Segment Start: SUPPLIED ENTRIES

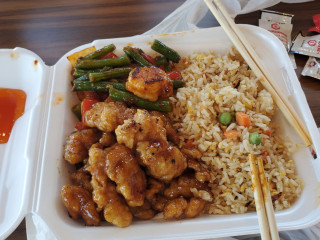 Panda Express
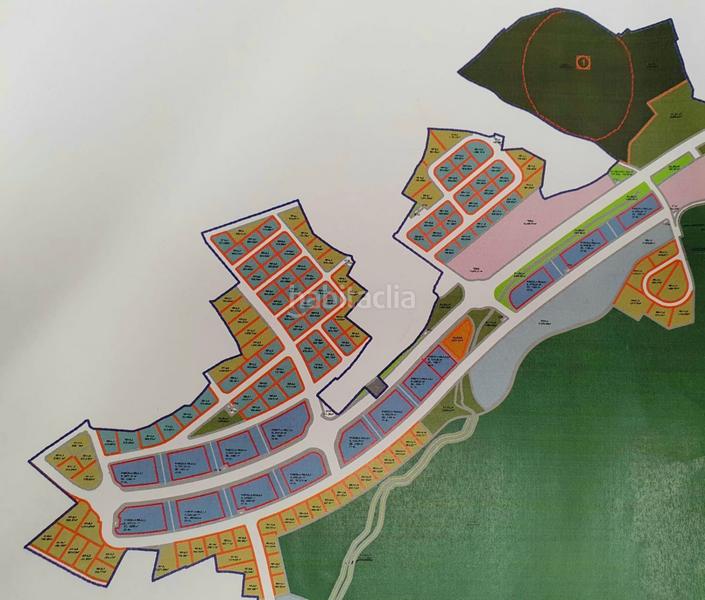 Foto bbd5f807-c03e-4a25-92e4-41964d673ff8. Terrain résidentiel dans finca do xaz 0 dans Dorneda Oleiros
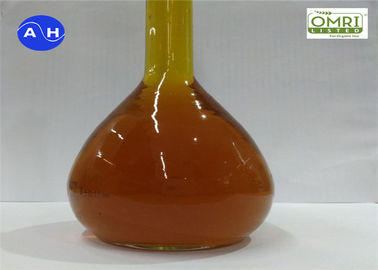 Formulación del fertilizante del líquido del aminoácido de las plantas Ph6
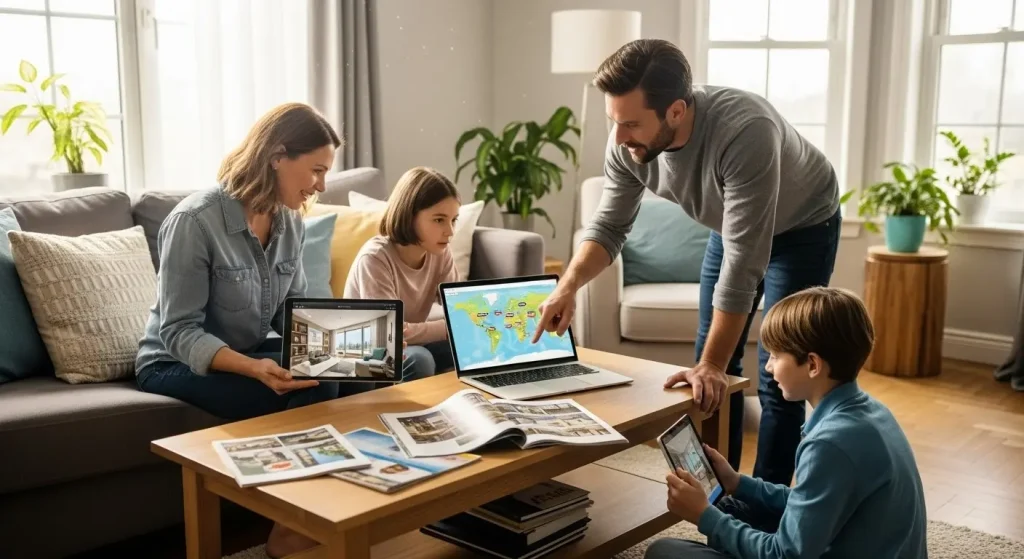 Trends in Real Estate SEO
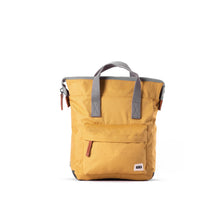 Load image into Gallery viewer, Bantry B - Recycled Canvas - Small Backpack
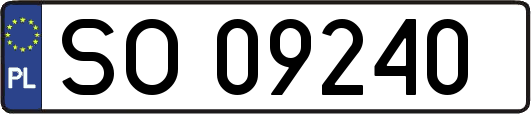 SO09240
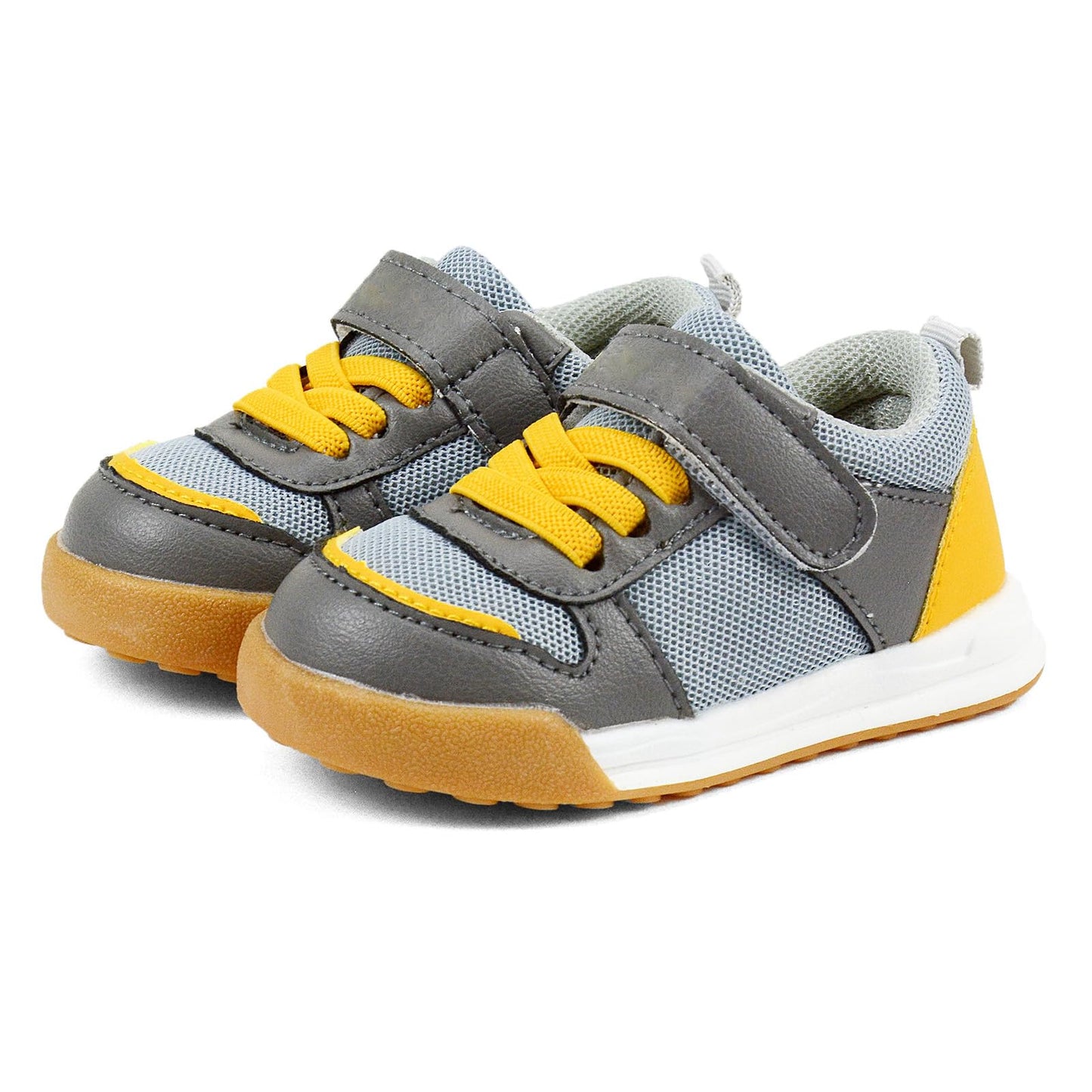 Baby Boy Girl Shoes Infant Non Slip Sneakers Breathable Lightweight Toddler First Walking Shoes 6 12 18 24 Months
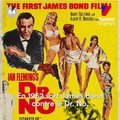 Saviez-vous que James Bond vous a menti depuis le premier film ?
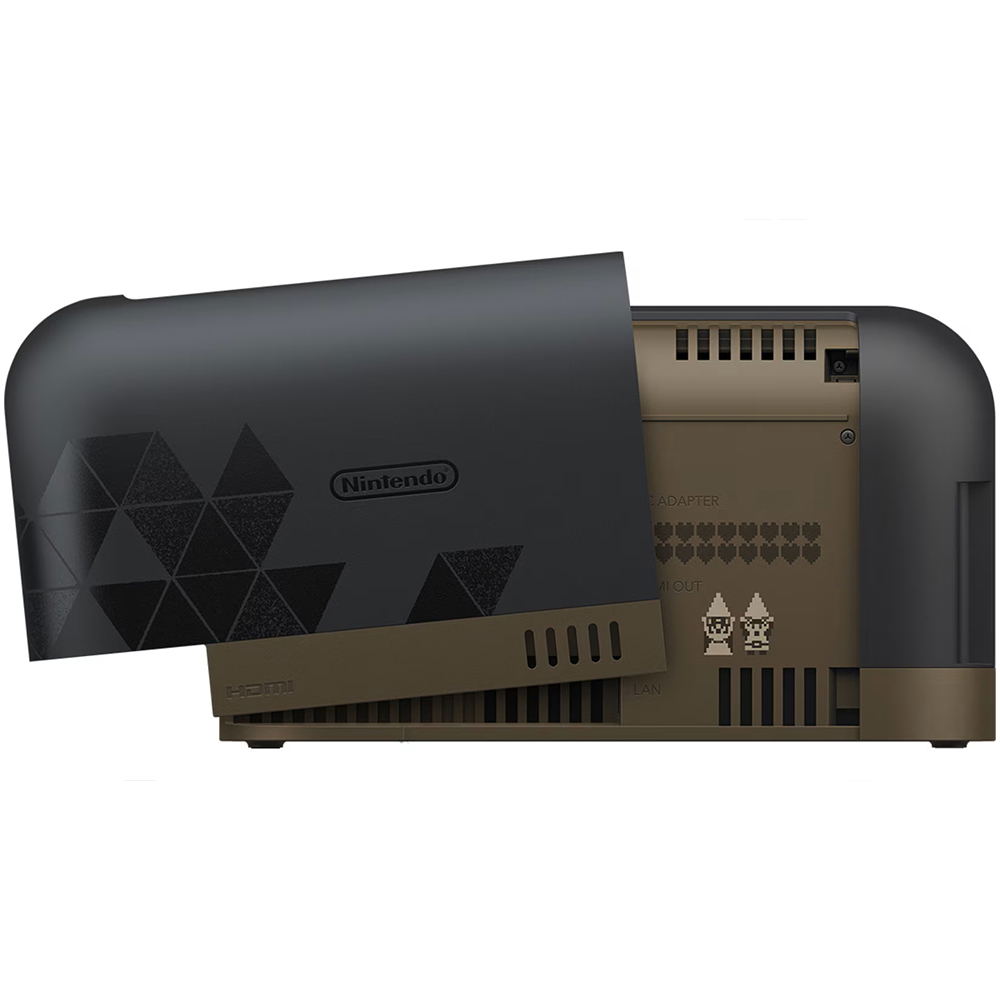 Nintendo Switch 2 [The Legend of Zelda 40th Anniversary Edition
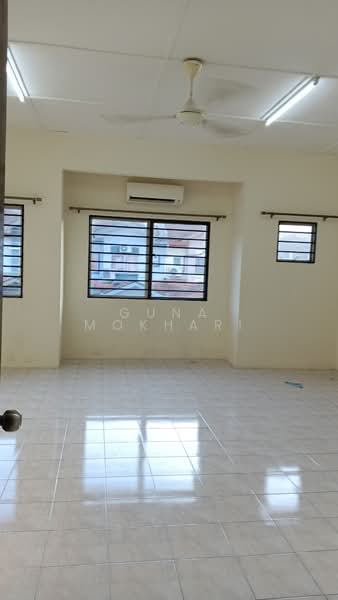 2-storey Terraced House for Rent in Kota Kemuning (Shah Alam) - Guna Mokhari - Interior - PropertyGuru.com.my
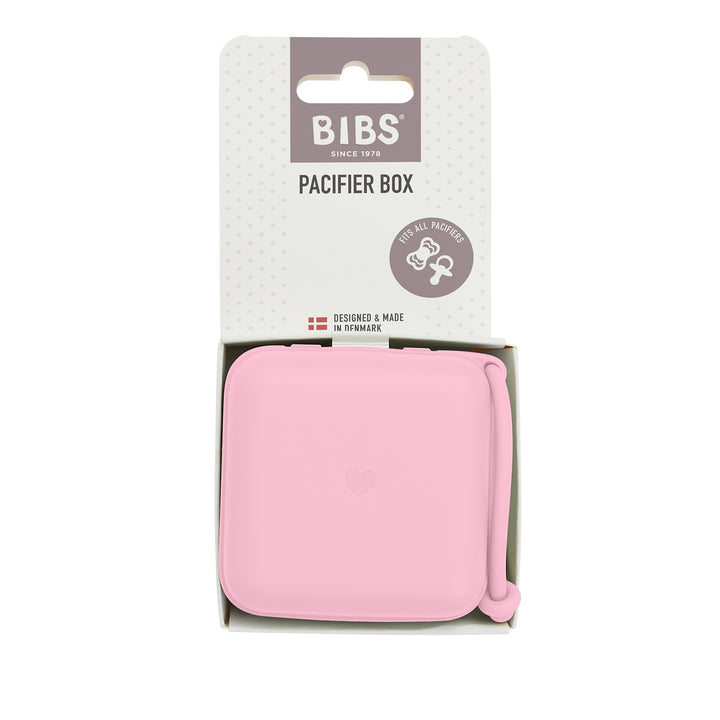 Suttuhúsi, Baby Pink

Segment End: SUPPLIED ENTRIES

EXERCISE BRIEF:
Your copy should be the entries retyped exactly, with no images in it.

RESPONSE TO THIS TASK:
 Panda Express
 Foto bbd5f807-c03e-4a25-92e4-41964d673ff8. Terrain résidentiel dans finca do xaz 0 dans Dorneda Oleiros
 Formulación del fertilizante del líquido del aminoácido de las plantas Ph6
 Trends in Real Estate SEO
 Load image into Gallery viewer, Bantry B - Recycled Canvas - Small Backpack
 SO09240
 Baby Boy Girl Shoes Infant Non Slip Sneakers Breathable Lightweight Toddler First Walking Shoes 6 12 18 24 Months
 Saviez-vous que James Bond vous a menti depuis le premier film ?
 Nintendo Switch 2 [The Legend of Zelda 40th Anniversary Edition
 2-storey Terraced House for Rent in Kota Kemuning (Shah Alam) - Guna Mokhari - Interior - PropertyGuru.com.my
 Suttuhúsi, Baby Pink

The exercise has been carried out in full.